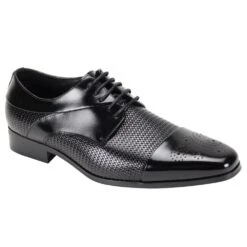 Giorgio Venturi Men's Leather Dress Shoe - Chain Link Texture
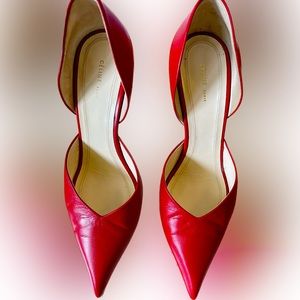 CELINE red leather D’Orsay pumps.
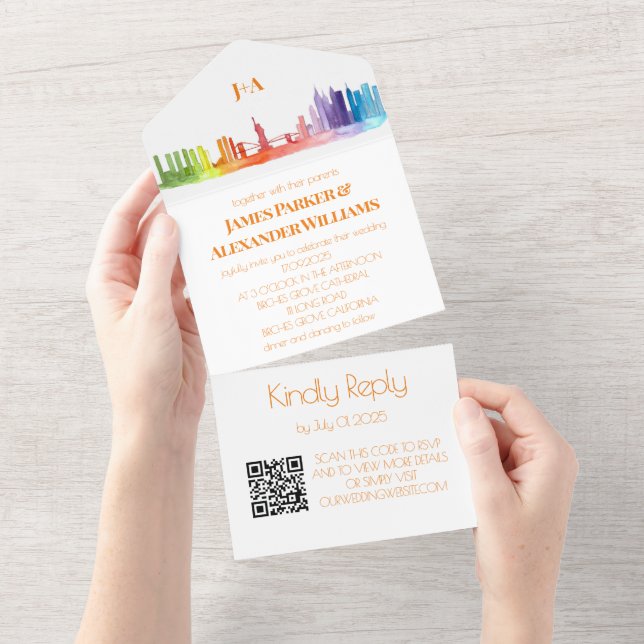 Gay Rainbow Colourful LGBT Pride RSVP QR Code  All In One Invitation (Tearaway)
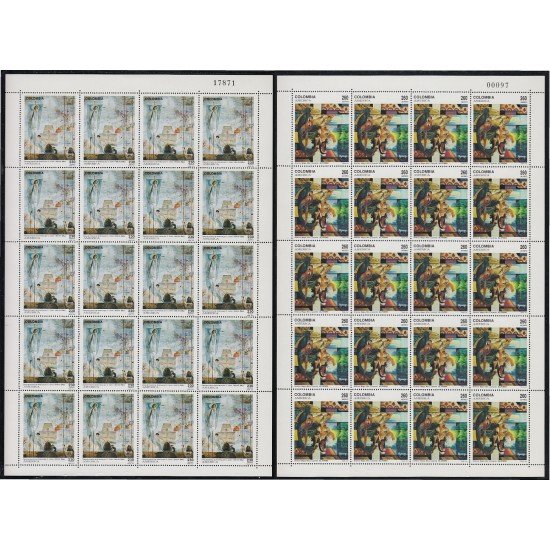 Upaep Colombia 851/52 1992 Hojas Completas Pinturas de Salvador Dalí y Alfredo Vívero MNH Upaep Colombia 851/52 1992 Hojas Completas Pinturas de Salvador Dalí y Alfredo Vívero MNH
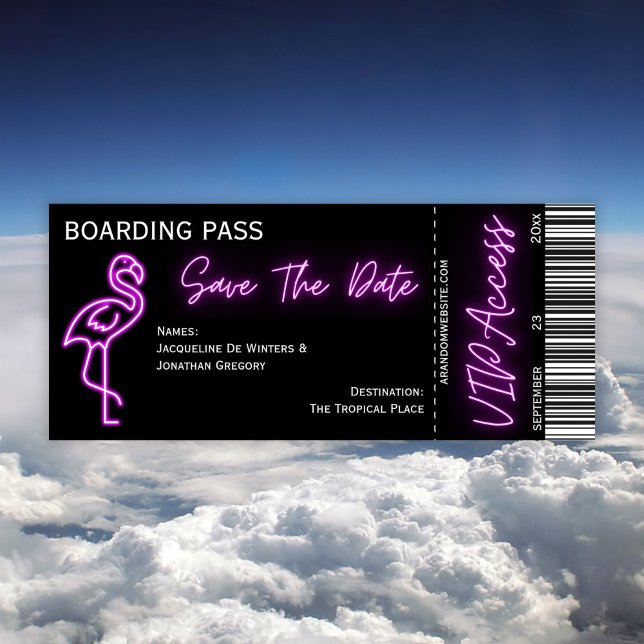 Retro Boarding Pass Neon Flamingo Save The Date Invitation (Creator Uploaded)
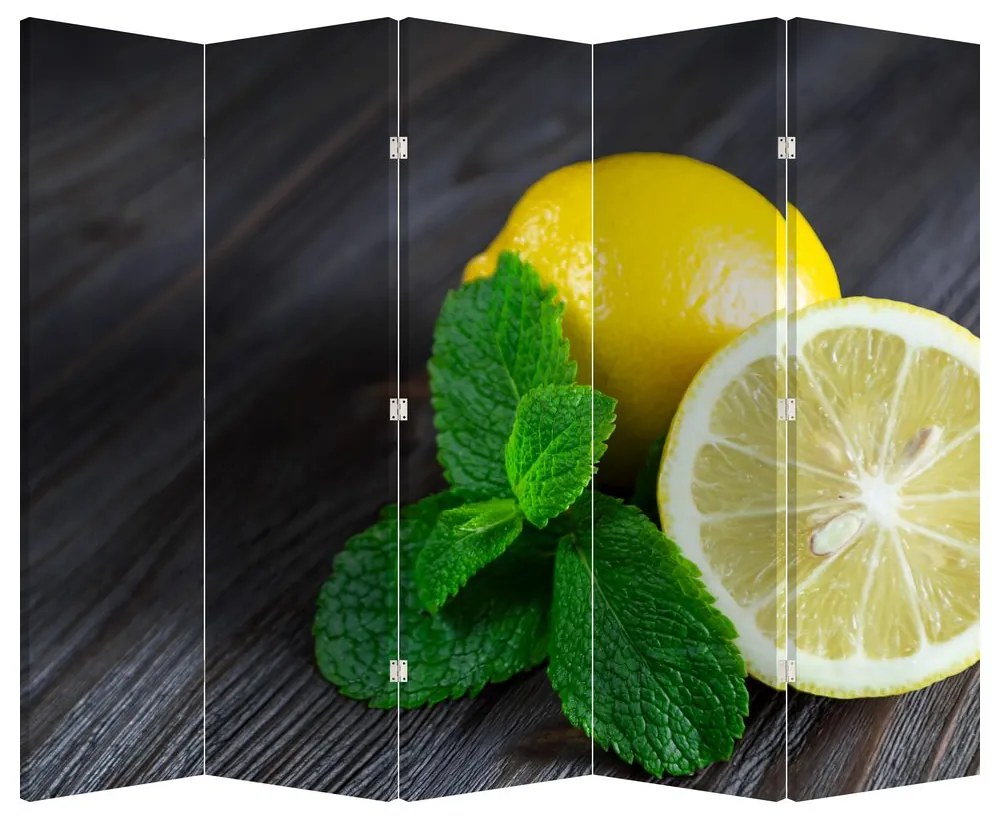 Paravan - Lămâie și mentă pe masă (210x170 cm)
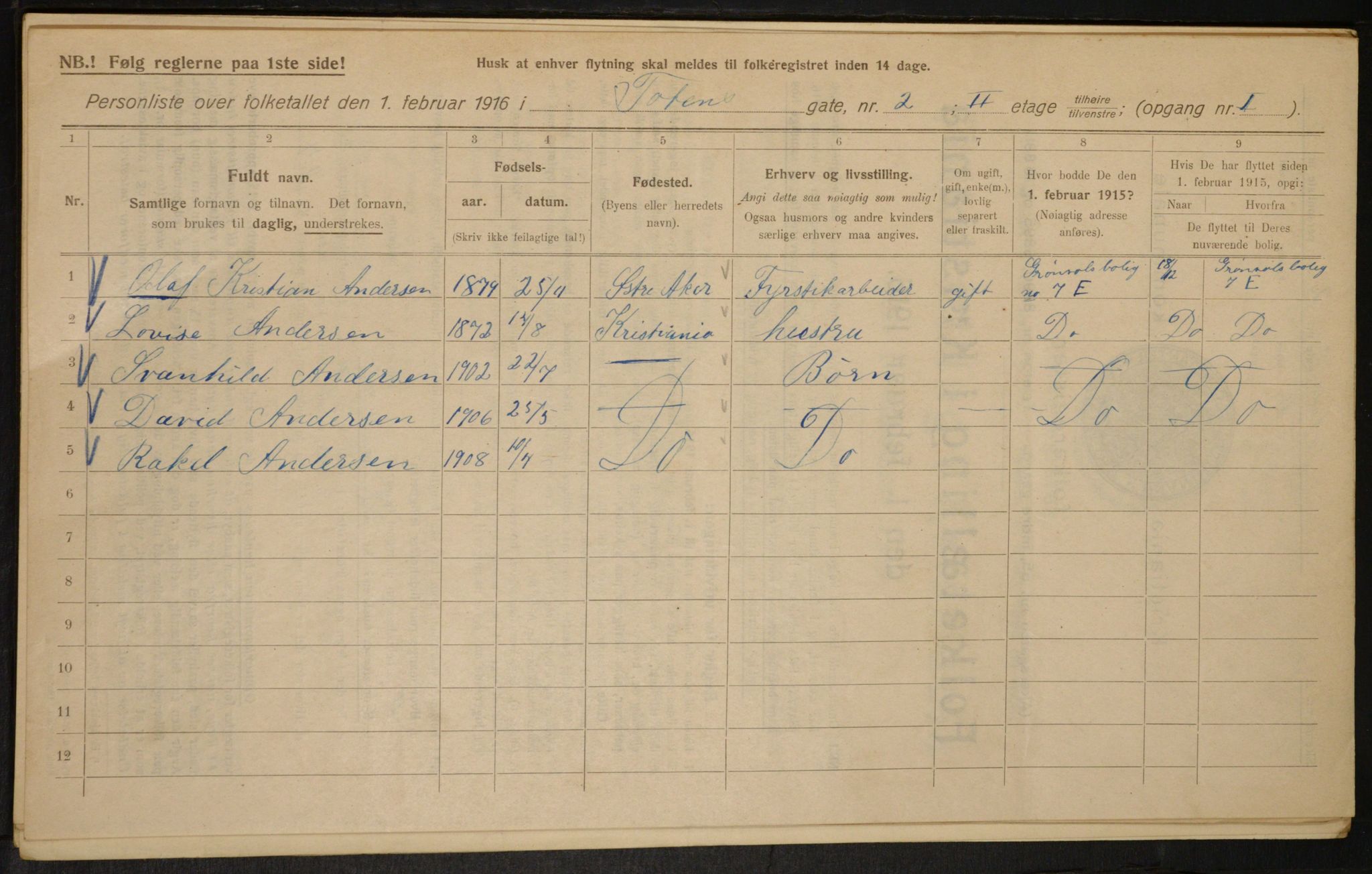 OBA, Municipal Census 1916 for Kristiania, 1916, p. 118541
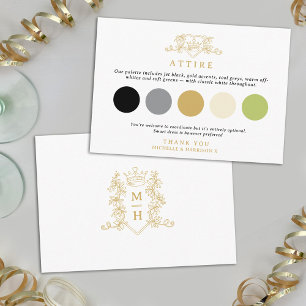 Wedding heart crown monogram Attire Color Palette Enclosure Card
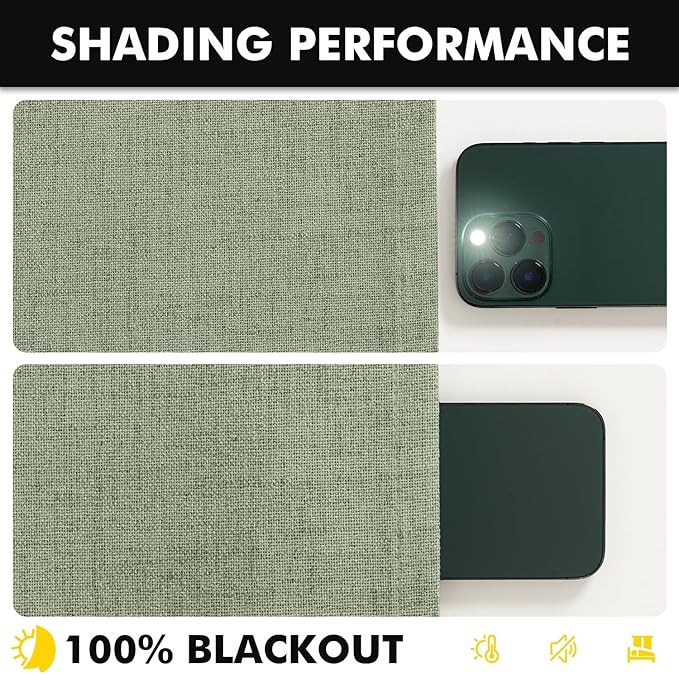 MIULEE 100% Blackout Linen Curtains for Bedroom, Sage Green Solid Luxury Decor Thermal Insulation Room Darkening Drapes for Living Room Nursery Back Tab Rod Pocket 42 x 63 Inches, 2 Panels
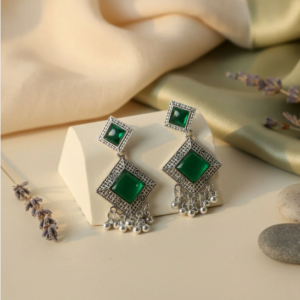 Oxidised Indian Earrings – Traditional Dangler with Green Monalisa Stones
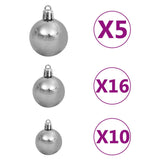 NNEVL Artificial Christmas Tree with LEDs&Ball Set 210cm 910 Branches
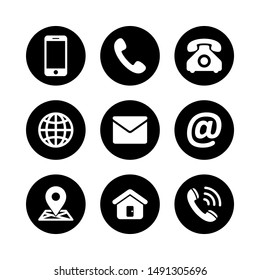 Contact icon set vector. Flat communication, contact us symbol collection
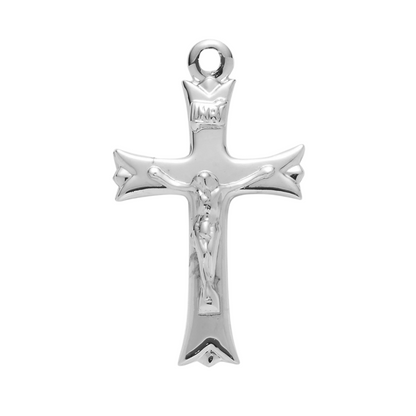 Notched Flared Tipped Crucifix Sterling Silver Pendant — 18" Chain, Gift Box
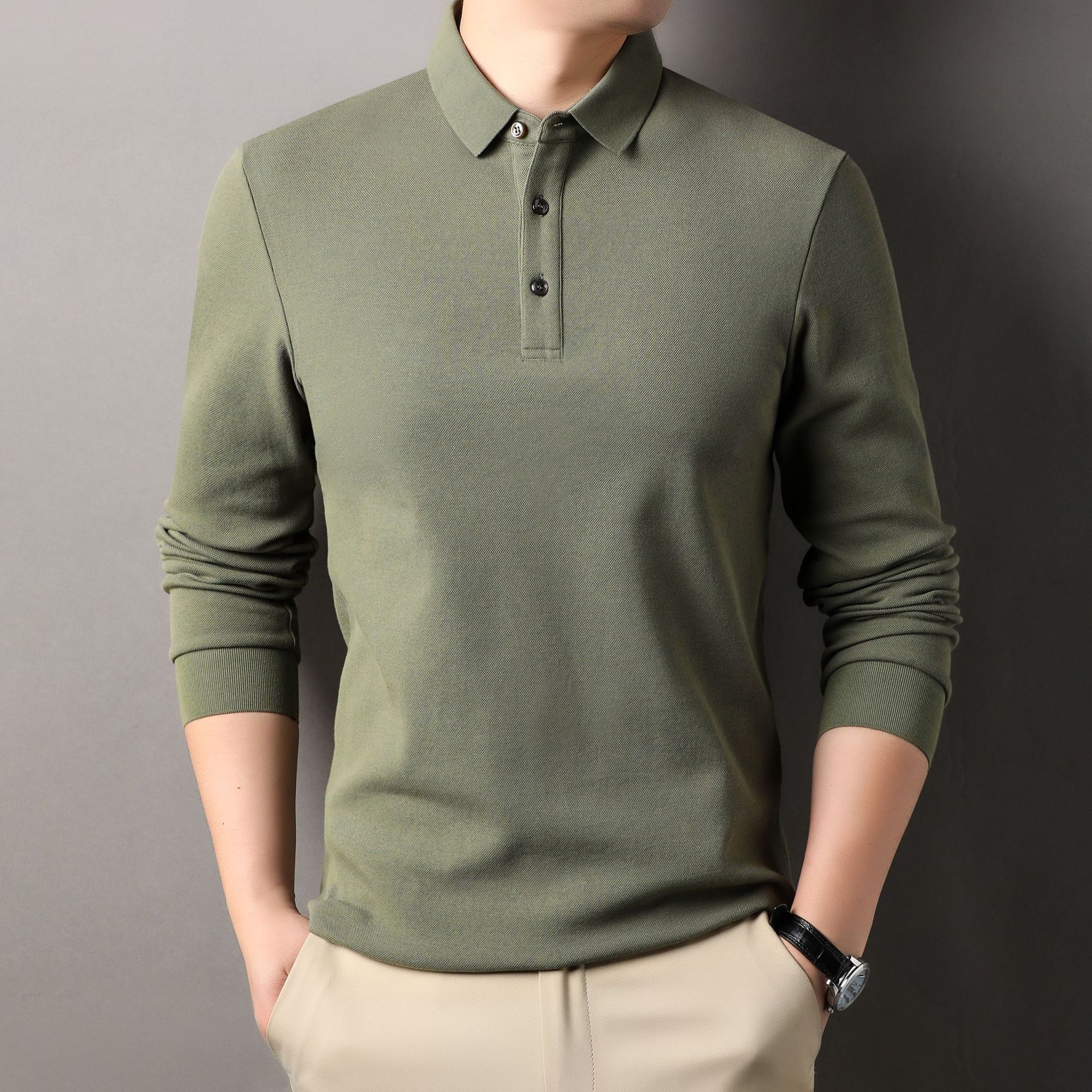 Spring and Autumn Long Sleeve Polo Shirt Men Middle-aged Waffle Casual Large Size Lapel T-shirt Shirt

+ + + + + + +

● Required action:
From the line with "Gay Rainbow Colourful" up to and including the line with "Notched Flared Tipped" above, retype every line exactly and nothing more; leave out the pictures.

● Output for this task:
 Gay Rainbow Colourful LGBT Pride RSVP QR Code  All In One Invitation (Tearaway)
 Upaep Colombia 851/52 1992 Hojas Completas Pinturas de Salvador Dalí y Alfredo Vívero MNH Upaep Colombia 851/52 1992 Hojas Completas Pinturas de Salvador Dalí y Alfredo Vívero MNH
 Retro Boarding Pass Neon Flamingo Save The Date Invitation (Creator Uploaded)
 Paravan - Lămâie și mentă pe masă (210x170 cm)
 OBA, Municipal Census 1916 for Kristiania, 1916, p. 118541
 Wedding heart crown monogram Attire Color Palette Enclosure Card
 MIULEE 100% Blackout Linen Curtains for Bedroom, Sage Green Solid Luxury Decor Thermal Insulation Room Darkening Drapes for Living Room Nursery Back Tab Rod Pocket 42 x 63 Inches, 2 Panels
 Oxidised Indian Earrings – Traditional Dangler with Green Monalisa Stones
 NNEVL Artificial Christmas Tree with LEDs&Ball Set 210cm 910 Branches
 Contact icon set vector. Flat communication, contact us symbol collection
 Notched Flared Tipped Crucifix Sterling Silver Pendant — 18" Chain, Gift Box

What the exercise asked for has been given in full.